DATASET CONTENT START

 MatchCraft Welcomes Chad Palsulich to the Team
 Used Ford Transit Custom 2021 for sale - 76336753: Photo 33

DATASET CONTENT END
DATASET CONTENT START

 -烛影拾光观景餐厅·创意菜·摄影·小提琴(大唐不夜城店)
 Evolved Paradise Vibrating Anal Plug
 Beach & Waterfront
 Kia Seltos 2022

DATASET CONTENT END
DATASET CONTENT START

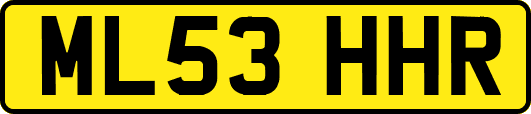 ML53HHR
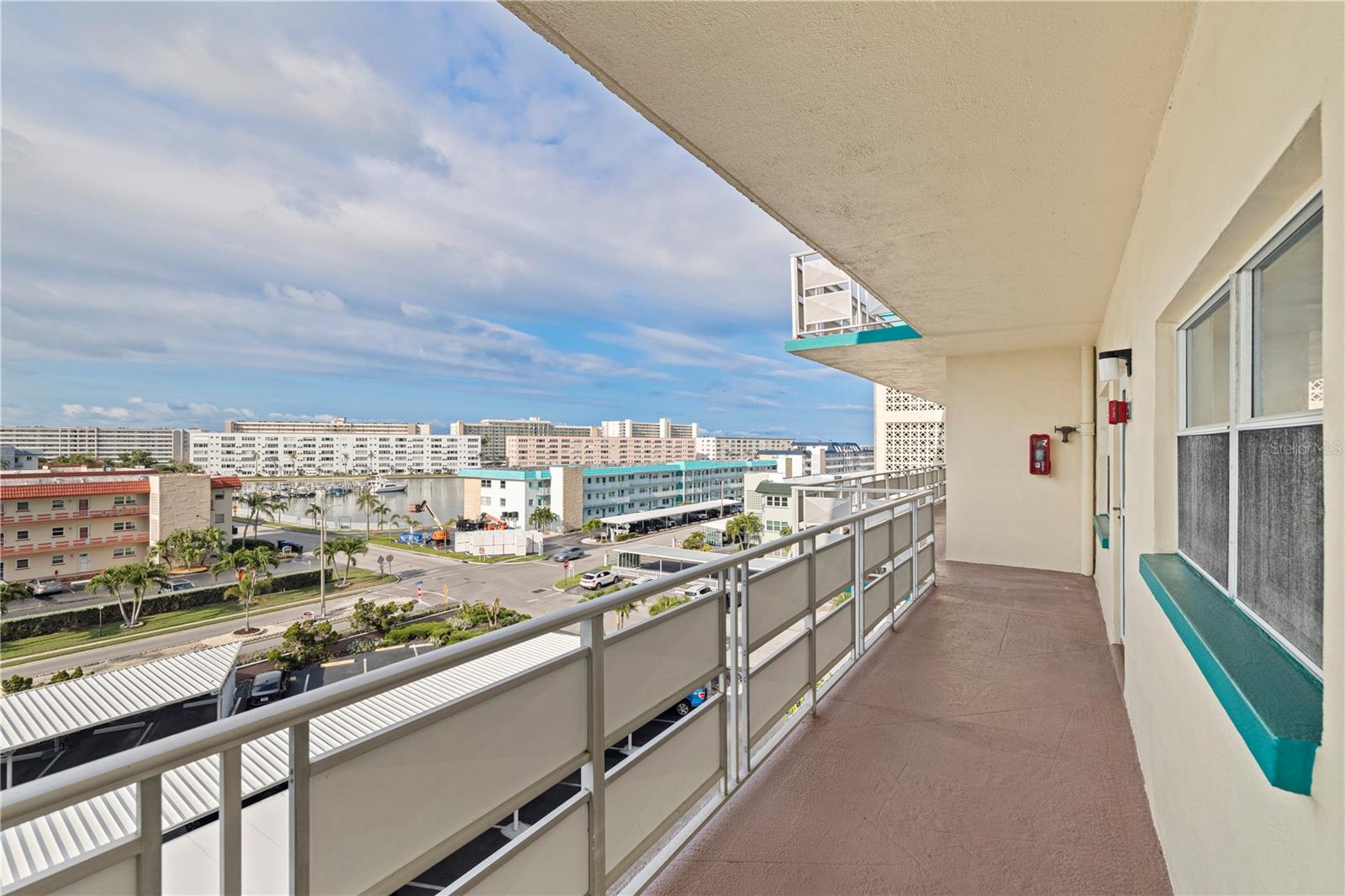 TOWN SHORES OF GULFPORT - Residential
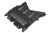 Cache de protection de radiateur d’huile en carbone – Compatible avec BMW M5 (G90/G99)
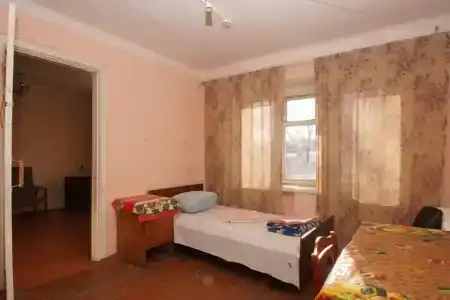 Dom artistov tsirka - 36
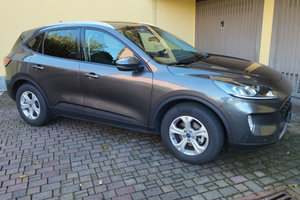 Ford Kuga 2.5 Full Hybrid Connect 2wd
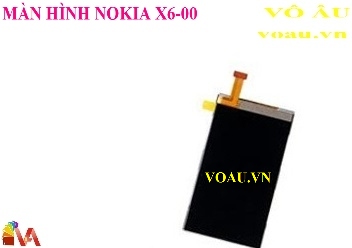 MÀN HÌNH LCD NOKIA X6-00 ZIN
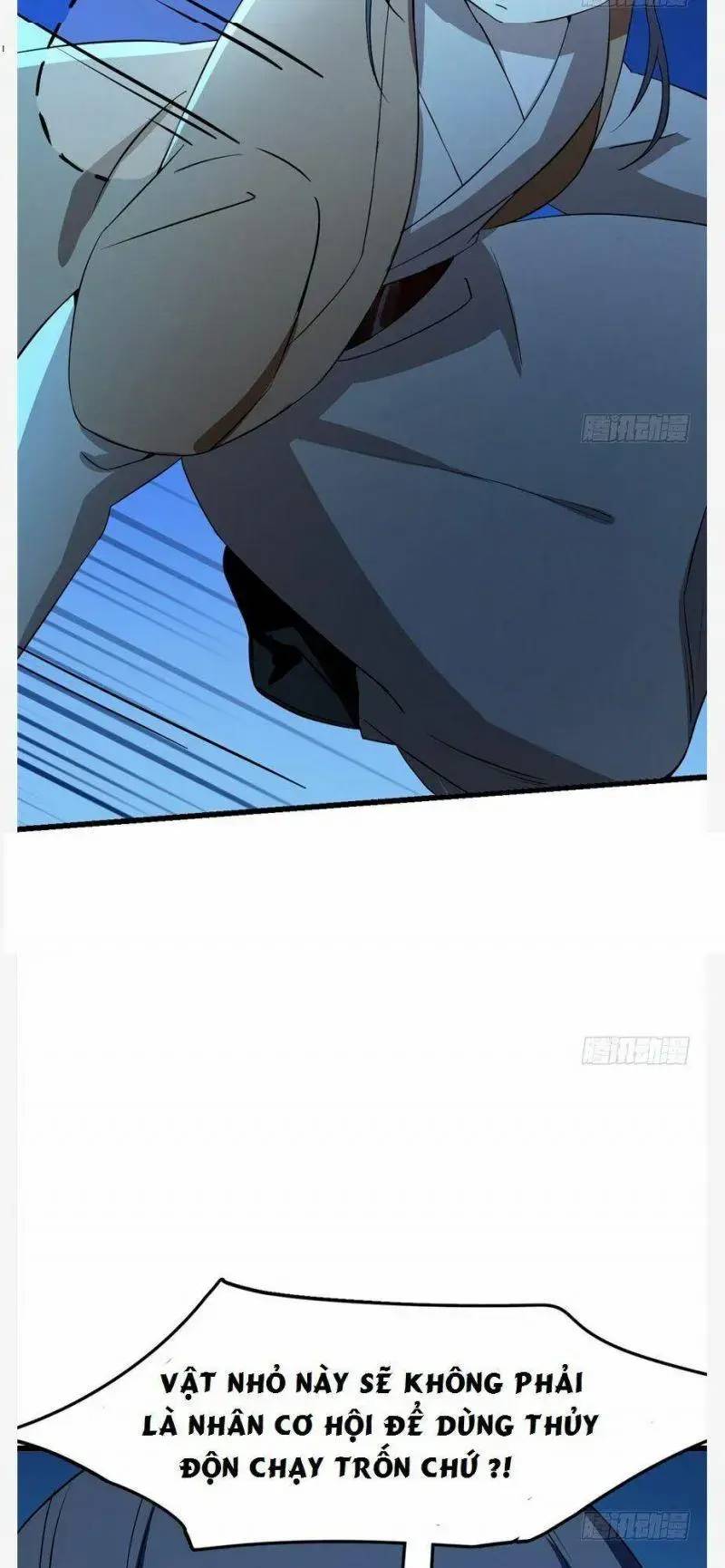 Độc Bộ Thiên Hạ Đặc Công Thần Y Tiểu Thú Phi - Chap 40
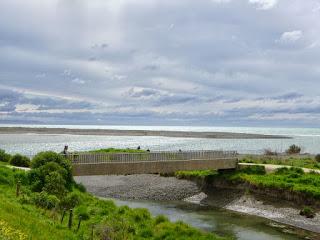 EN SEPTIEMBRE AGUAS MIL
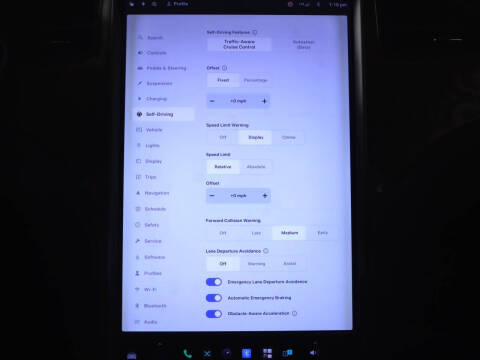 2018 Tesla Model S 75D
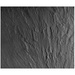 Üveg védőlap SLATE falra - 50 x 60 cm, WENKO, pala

DATASET CONTENT END

# PROBLEM STATEMENT
Reproduce the listing above from the line that holds "Ford Kuga 2.5 Full Hybrid Connect 2wd" through the line that holds "Üveg védőlap SLATE", both included, with the pictures left out.

# WRITTEN SOLUTION
 Ford Kuga 2.5 Full Hybrid Connect 2wd
 MÀN HÌNH LCD NOKIA X6-00 ZIN
 Độc Bộ Thiên Hạ Đặc Công Thần Y Tiểu Thú Phi - Chap 40
 EN SEPTIEMBRE AGUAS MIL
 2018 Tesla Model S 75D
 Üveg védőlap SLATE falra - 50 x 60 cm, WENKO, pala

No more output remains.